I have, until I was blue in the face, reminded my readers that liability insurance only applies to fortuitous events – there must be an accident, an occurrence, an injury without intent to cause the injury – for insurance to apply. Regardless, injured people and their lawyers attempt to gain insurance proceeds by artfully pleading a complaint in an attempt to make an intentional act into an accident.

In State Farm Fire and Casualty Company v. Massi, 2016 WL 3014890, United States District Court, E.D. Pennsylvania, Civil Action No. 16-00169 (05/25/2016) the USDC for the Eastern District of Pennsylvania was asked by State Farm Fire and Casualty Company (“State Farm”) to declare that it has no duty to defend or indemnify Mark Massi (“Massi”) in an underlying lawsuit stemming from Massi’s alleged involvement in a bar fight.


Ronald Mannon (“Mannon”) sued Massi alleging that Massi violently assaulted and injured Mannon at “R.P. McMurphy’s” in Holmes, Pennsylvania. Mannon’s complaint alleges that Massi was “visibly intoxicated and acting in a violent, uncivilized, unruly and inappropriate manner.” Before assaulting Mannon, Massi was purportedly involved in multiple verbal and physical confrontations with other bar patrons. At approximately 1:33 a.m., security asked Massi to deescalate “an altercation with other patrons inside [the bar].” Massi  punched Mannon in the face and knocked him unconscious. Mannon also alleges that adding to the injury Massi struck him “in the face with a billiard ball.”

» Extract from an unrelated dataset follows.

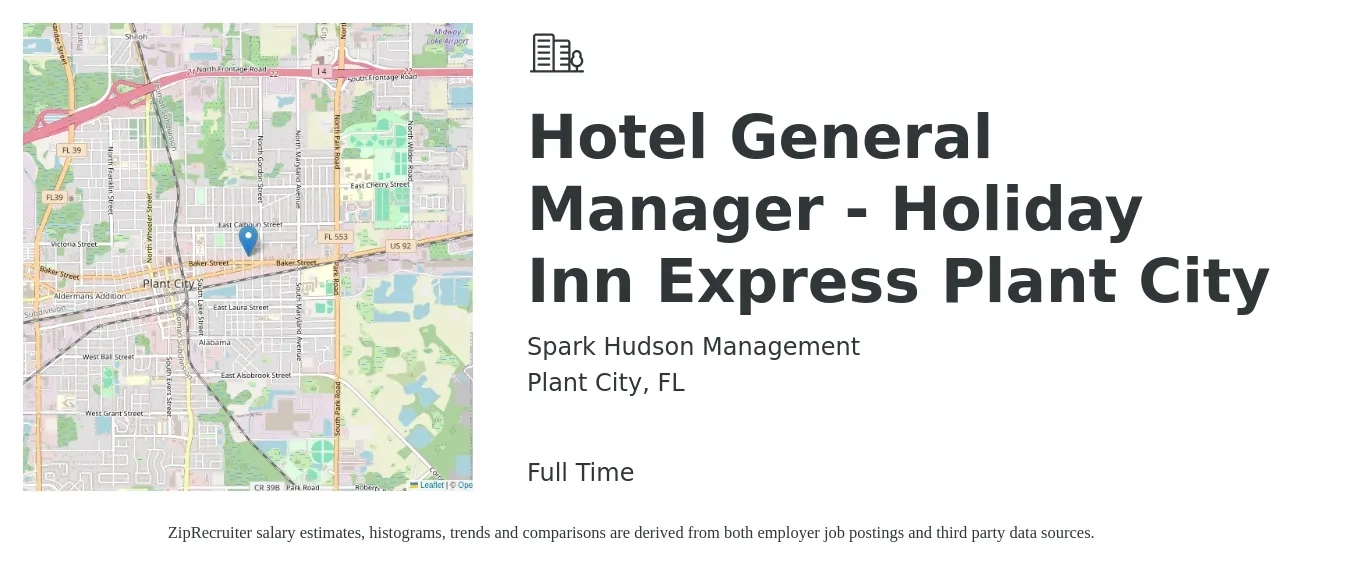 Spark Hudson Management job posting for a Hotel General Manager - Holiday Inn Express Plant City in Plant City, FL with a salary of $54,500 to $86,500 Yearly with a map of Plant City location.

Mannon’s complaint includes causes of action against Massi for negligence (Count I) and assault and battery (Count II). Mannon’s negligence claim alleges that his injuries “were caused solely by the intentional act of [Massi] combined with the[ ] carelessness and negligence of [Massi]….” Within the same count, Mannon includes a number of causal allegations with the prefatory phrase: “As a result of the negligent, careless, reckless, malicious and/or violent actions of [Massi]….”

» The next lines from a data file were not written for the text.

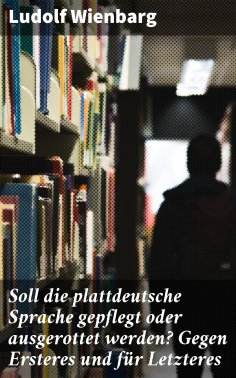 eBook: Soll die plattdeutsche Sprache gepflegt oder ausgerottet werden? Gegen Ersteres und für Letzteres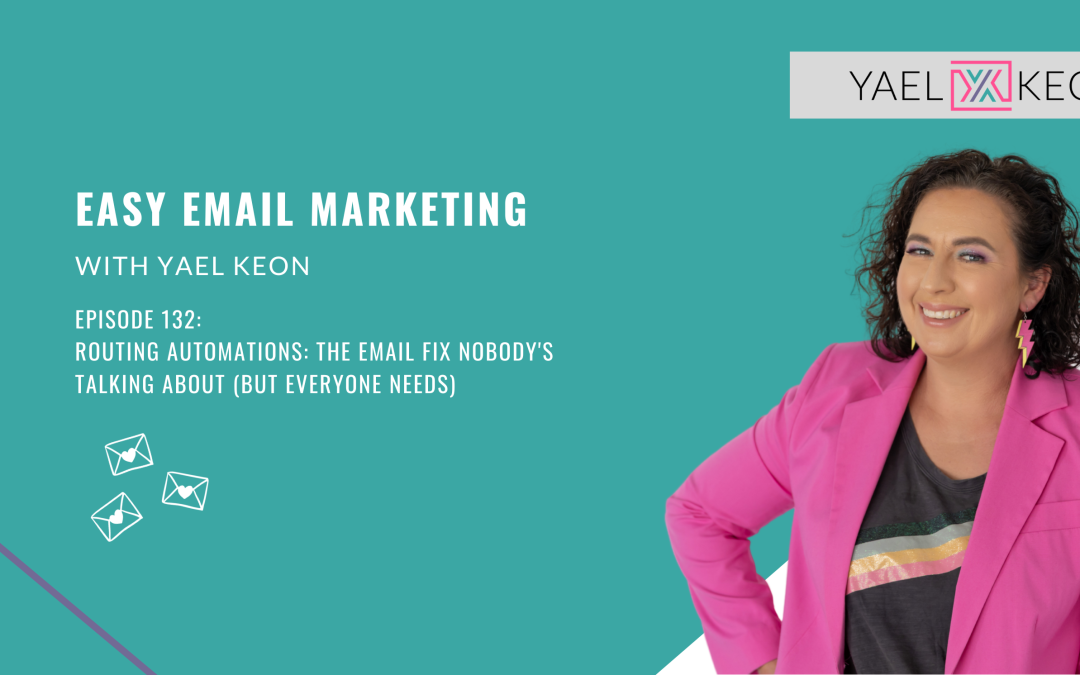 Routing Automations: The Email Fix Nobody’s Talking About (But Everyone Needs) | Episode 132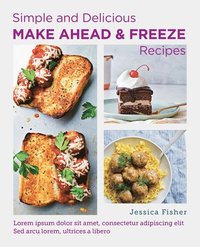 bokomslag Simple and Delicious Make-Ahead and Freeze Recipes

The assault and battery claims allege that Massi “unlawfully, willfully, maliciously and with force and arms assaulted [Mannon] and…unlawfully, willfully, maliciously, wrongfully and offensively stricken [sic] [Mannon] in the face with a billiard ball….” Also included are claims against the bar which contend, in relevant part, that it provided alcohol to Massi when he was “visibly intoxicated” and “present[ing] an[ ] unreasonable danger of hazard to [himself], members of the public and other patrons….”

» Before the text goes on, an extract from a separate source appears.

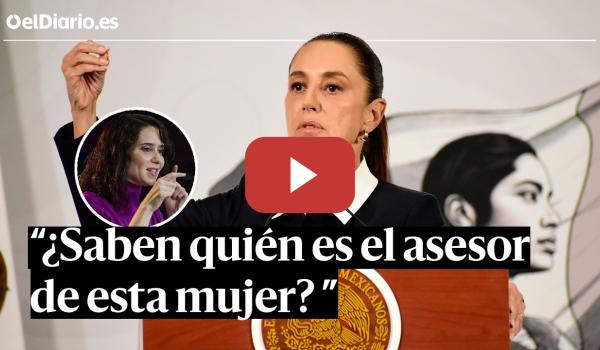 Embedded thumbnail for Sheinbaum vuelve a contestar a Diaz Ayuso: "Su visión es de imperio, no de iguales"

When the alleged incident occurred, Massi was insured under a homeowner’s policy issued by State Farm. The policy defined “Occurrence as, among other things, “an accident….”

State Farm is currently defending Massi in the underlying suit pursuant to a reservation of rights.


It is axiomatic that the duty to defend is broader than the duty to indemnify. Accordingly, “there is no duty to indemnify if there is no duty to defend.” In determining whether State Farm owes a duty to defend Massi in the underlying lawsuit, the Court must examine the allegations in Mannon’s complaint and the language of the State Farm policy.

If the complaint comprehends an injury which may be within the scope of the policy, the company must defend the insured until the insurer can confine the claim to a recovery that the policy does not cover. It is the substance, not the form, of the allegations that is the focus of the coverage inquiry.

The Pennsylvania Supreme Court has defined “accident” within an insurance policy as an unexpected and undesirable event occurring unintentionally, and that the key term in the definition of the ‘accident’ is ‘unexpected’ which implies a degree of fortuity. Qualifying something as an accident, therefore, depends on both the degree of foreseeability and the state of mind of the actor in intending the result. Conduct is not “accidental” if the resulting injury was the natural and expected result of the insured’s actions.

Neither party disputes that Mannon’s injuries were the foreseeable consequence of Massi’s actions. If the allegations establish that Massi lacked the ability to formulate intent, if he was incompetent as a result of alcoholic intoxication, the resulting act cannot be intentional. The mere fact that Massi was intoxicated, however, does not mean his actions should be automatically classified as accidental. Massi’s level of intoxication would have to be so severe that a court could find that [he] did not intend the natural and probable consequences of his actions. Of course, since he intentionally became intoxicated, the natural and probable consequence of the intoxication is that he would cause injury just as the intentional act of driving while intoxicated will naturally and probably cause injury to third parties.

In this case the district court concluded that Massi’s actions cannot reasonably be classified as anything other than intentional conduct. Despite Mannon’s “artful pleading,” the factual allegations portray an intentional act for which there is no coverage under the policy. Massi punched Mannon in the face and knocked him unconscious. Massi “maliciously, wrongfully and offensively” struck Mannon “in the face with a billiard ball.” Nothing alleged indicates that Massi did not intend the “natural and expected” consequences of his actions.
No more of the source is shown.